Het gebruik van algoritmen in de overheid verandert de manier waarop bureaucraten werken en beslissingen nemen op verschillende gebieden, zoals gezondheidszorg of strafrecht. Experts pakken de transparantie-uitdagingen aan van het gebruik van algoritmen in besluitvormingsprocedures op macro-, meso-, en microniveaus in deze speciale uitgave van Informatiebeleid .
Algoritmen voor machinaal leren hebben een enorm potentieel om overheidsdiensten eerlijker en effectiever te maken en hebben het potentieel om de besluitvorming te "bevrijden" van menselijke subjectiviteit, volgens recent onderzoek. Algoritmen worden in veel openbare-dienstcontexten gebruikt. Bijvoorbeeld, binnen de rechtsorde is aangetoond dat algoritmen recidive beter kunnen voorspellen dan strafrechter. Tegelijkertijd, critici wijzen op verschillende gevaren van algoritmische besluitvorming, zoals raciale vooroordelen en gebrek aan transparantie.

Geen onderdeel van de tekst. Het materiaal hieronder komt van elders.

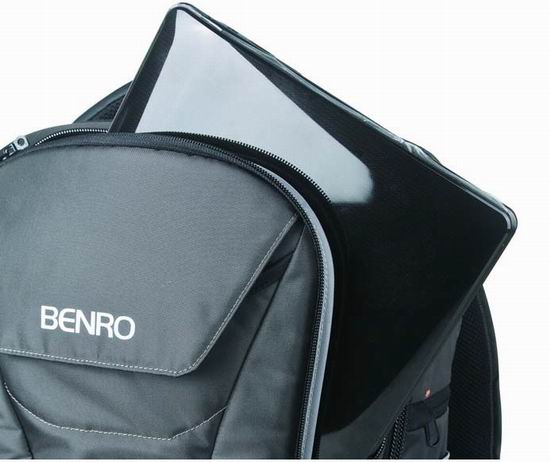 Nowe plecaki Benro z serii RANGER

Sommige wetenschappers hebben betoogd dat de introductie van algoritmen in besluitvormingsprocedures diepgaande verschuivingen kan veroorzaken in de manier waarop bureaucraten beslissingen nemen en dat algoritmen bredere organisatorische routines en structuren kunnen beïnvloeden. Dit speciale nummer over transparantie van algoritmen presenteert zes bijdragen om ons conceptuele en empirische begrip van het gebruik van algoritmen in de overheid aan te scherpen.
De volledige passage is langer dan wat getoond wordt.